Because there isn't another definition of unlimited, there is either limited or unlimited. You can't call one thing unlimited & then go ahead & do another thing.

adj.
Having no restrictions or controls: an unlimited travel ticket.
Having or seeming to have no boundaries; infinite: an unlimited horizon.
Without qualification or exception; absolute: unlimited self-confidence.
 
The car analogy isn't bad. It's still unlimited, no matter what speed it goes.

This all ignores the fact, unlimited hasn't yet been found to be misleading and banned, and ISPs aren't going to voluntarily scrap it. Unless you can legally prove that 'unlimited' is misleading then you're going to be complaining for a while yet.

Continuing on with the car analogy...

This "Unlimited usage of the Rent-A-Car" policy, if I go more than 10 miles a day, I can then drive no faster than 10mph for the next few days.

If I continually drive over 10 miles per day, the Rent-A-Car company will come and take the car away from me as well as fine me for going over my "Unlimited Usage".

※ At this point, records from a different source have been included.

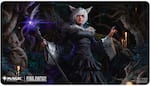 Magic: The Gathering Ultra Pro Playmat featuring Final Fantasy artwork.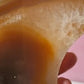 Agate Moon and Pink Amethyst Heart 11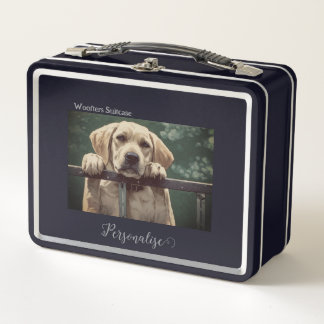Lunch Box Golden Labrador Chien Woofter Vacances Animaux de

Personally, I haven't been hugely effected by the bandwidth caps. I've been throttled a few times when doing some heavy downloading - and I don't do anything dodgy just download music (legally), watch iPlayer (and the like) and play Warhammer Online (including downloading 1GB+ patches).

But I'm just generally against the idea of companies proclaiming that a product is one thing - when in reality it isn't.

The whole "Up To 8Meg Broadband!" thing, I have no issues with... This was just ignorence on the general publics part... it was stated "Up To" and ADSL Max is all based on line distances and theoretical maximum speeds.

Claiming I can have unlimited usage, then "harming" my experience by slowing it down because I've downloaded a lot in the last few days... or indeed cutting me off because I've gone over me (un)limit(ed) service is another thing.
 
The problem is that people are stubborn for some reason because it says unlimited they just won't accept any other definition of 'unlimited' other than what they think it should mean.

It's not what they think it should mean, it's what it does mean. The dictionary definition of unlimited should be what the advertisments are selling. If they aren't selling that then they shouldn't be using the word.
 
be* ADSL2, unlimited £18 - £25pm... Not that I disagree.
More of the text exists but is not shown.